Moving photographs and essays celebrate a powerful protest.
Hoping to revive the energy and commitment of the Women’s March on Washington of Jan. 21, 2017, the organizers have compiled a profusely illustrated volume of interviews, commentary, and essays, documenting the complex process of making the event a reality and the impact of participating. After Donald Trump’s election, one woman in Hawaii, feeling despondent and hopeless, posted an idea on Facebook: “I think we should march,” she wrote, immediately gaining the attention of a few dozen friends. By the next morning, 10,000 women had signed on, and the number began to grow, with other groups in several cities making plans independently. Then a few experienced organizers jumped in as coordinators. Immediately, it generated controversy.

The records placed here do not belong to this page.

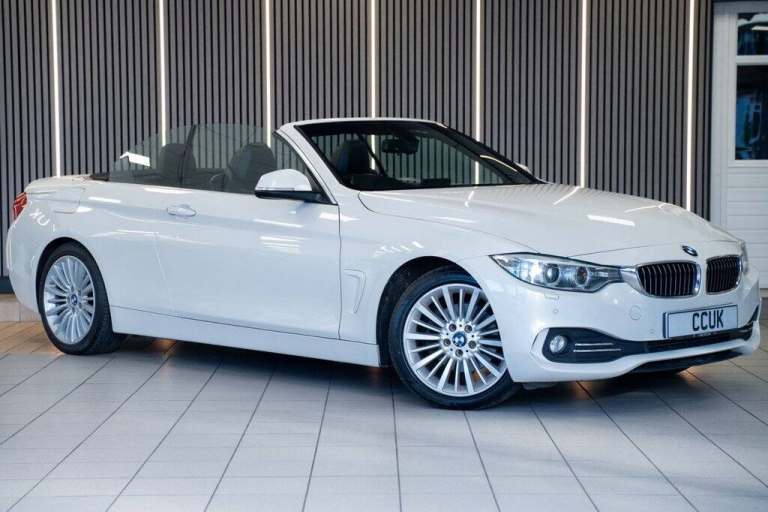 2018 BMW 4 Series 2.0 420d Luxury Convertible 2dr Diesel Auto Euro 6 (s/s) (190 ps) Convertible D...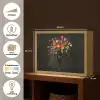 Sierlijk - Boeket - Vaas Light Box met batterij (Wandlamp) middel -USP_websiteoverzichtNL
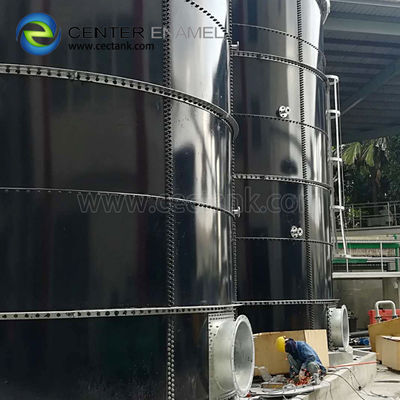 Инертные стеклянные стальные резервуары для проектов хранения питьевой воды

Black women objected to the name, which recalled the 1997 Million Woman March, focused on “uniting and empowering women of color.” The name was quickly changed, and inclusion became vital to planning and participation; soon the initial organizers learned the significance of terms such as “intersectional,” “white privilege,” and “racial justice.” Devising the Women’s March platform meant being sensitive to the concerns of Black Lives Matter and criminal justice reformers as well as those of immigrant, Native-American, LGBTQ, and disabled communities. Social justice activists, politicians, strategists, and diverse members of the arts community all contributed as planners under the auspices of the nonprofit Gathering for Justice, an organization started by Harry Belafonte. It soon became clear that the Women’s March was igniting resistance throughout the world. More than 3 million people marched across the United States (1 million in Washington, D.C.) and 5 million worldwide. On the National Mall, organizers were stunned when they looked out over the massive crowd. Eloquent essays and comments by participants, including celebrities such as Ashley Judd, America Ferrara, Maxine Waters, and New Yorker editor David Remnick, speak to their deep emotional response to the march. Urging continued activism, the editors offer a list of organizations in which to get involved.
An inspiring commemoration of a historic event.